Exercise: Down to the last line, reproduce the data that follows, but skip the pictures.

Given records:
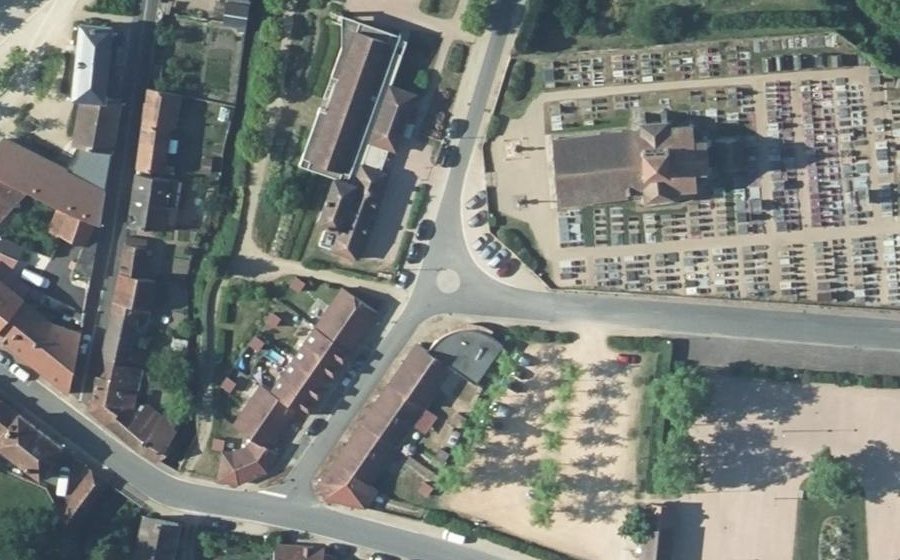Vue aérienne du Mini-giratoire n°1062255727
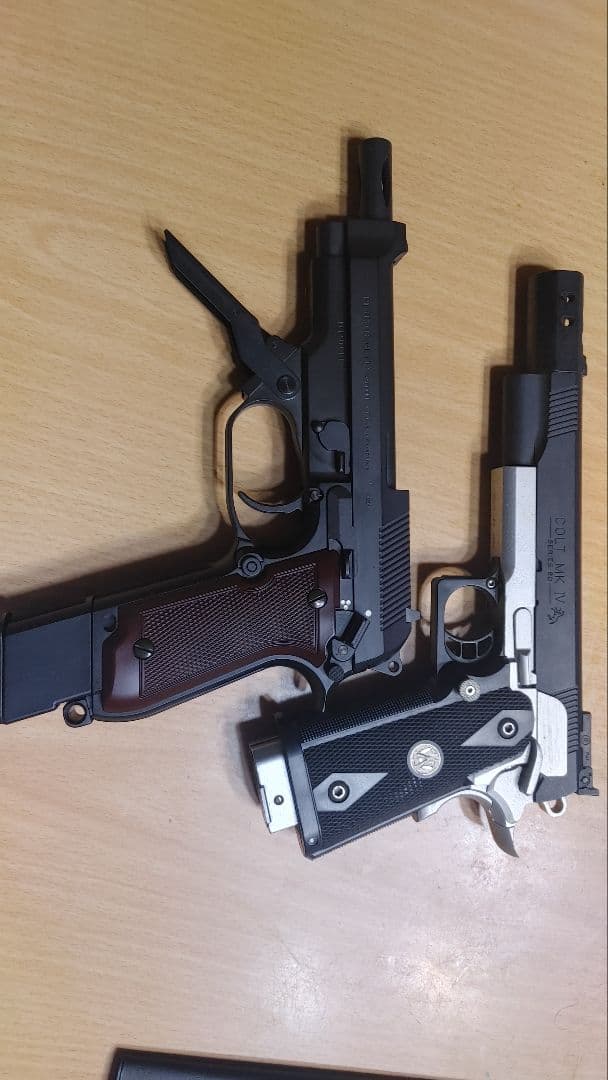 BERTTA M93R& COLT MK IV エアガン　ジャンク品扱い Yahoo!オークション -「コルトmk」(エアガン) (トイガン)の落札相場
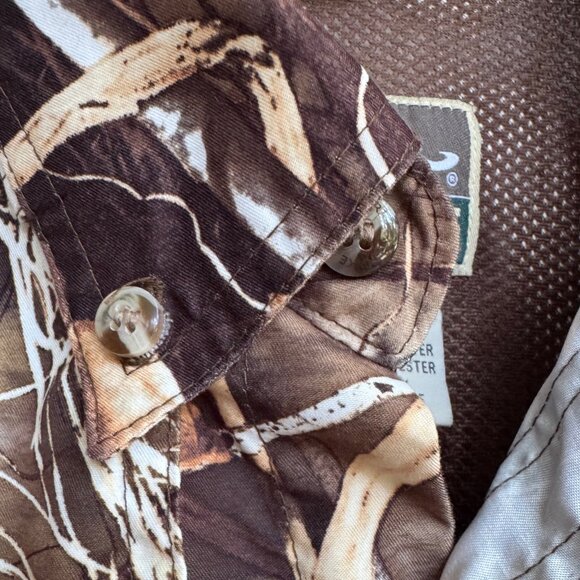 Drake Waterfowl Systems Camo Performance Shirt M | Vented, Zip & Magnetic Pocket - Picture 9 of 12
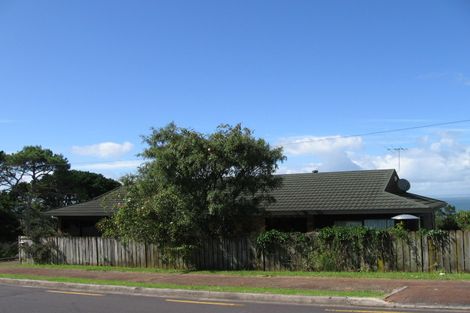 Photo of property in 7 Gill Crescent, Blockhouse Bay, Auckland, 0600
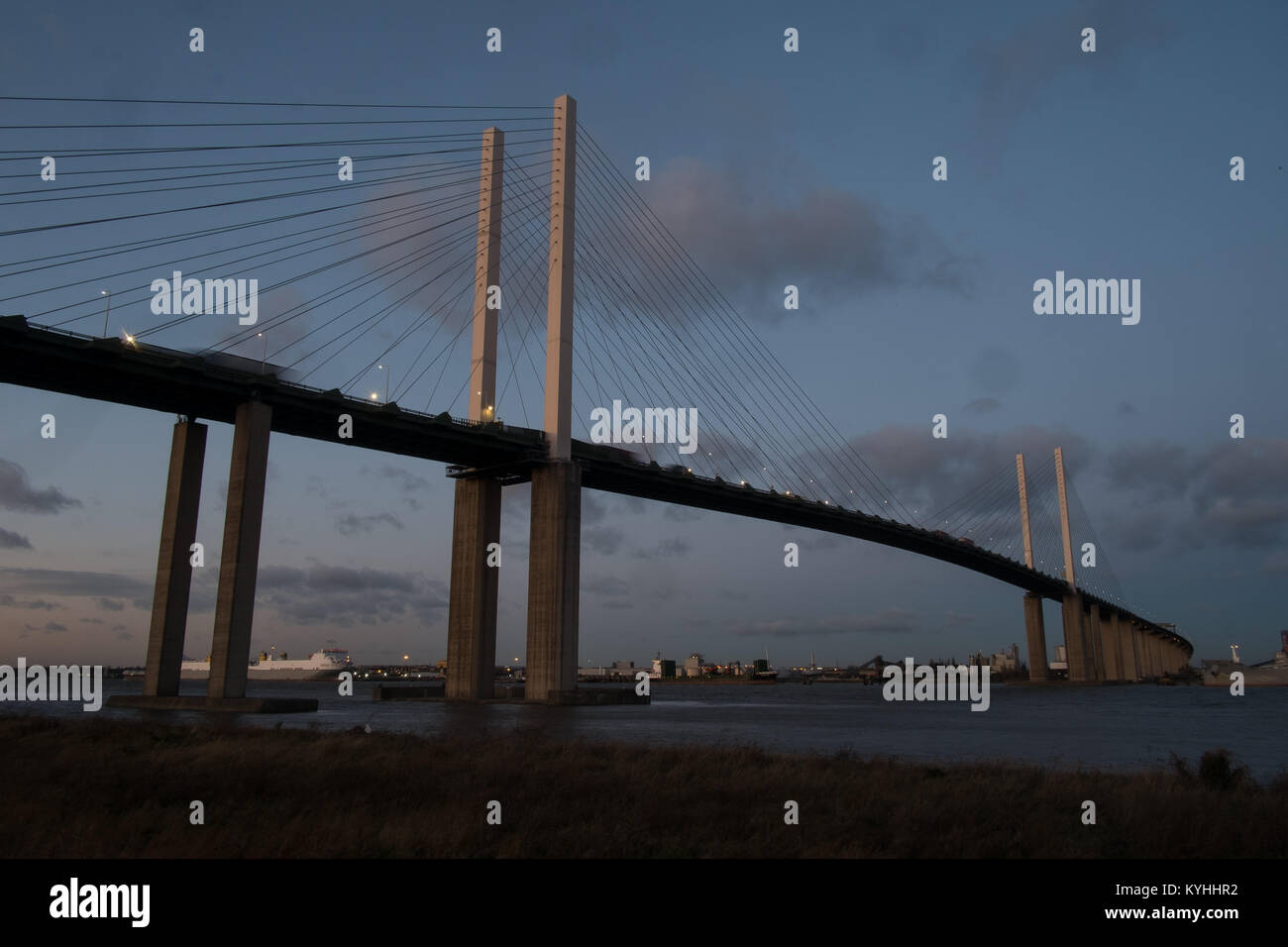 Die Queen Elizabeth II Brücke überquert den Fluss Thames Estuary die englischen Grafschaften von Essex und Kent zu verbinden. Stockfoto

Exercise output:
Vue aérienne du Mini-giratoire n°1062255727
 BERTTA M93R& COLT MK IV エアガン　ジャンク品扱い Yahoo!オークション -「コルトmk」(エアガン) (トイガン)の落札相場
 Drake Waterfowl Systems Camo Performance Shirt M | Vented, Zip & Magnetic Pocket - Picture 9 of 12
 Photo of property in 7 Gill Crescent, Blockhouse Bay, Auckland, 0600
 Die Queen Elizabeth II Brücke überquert den Fluss Thames Estuary die englischen Grafschaften von Essex und Kent zu verbinden. Stockfoto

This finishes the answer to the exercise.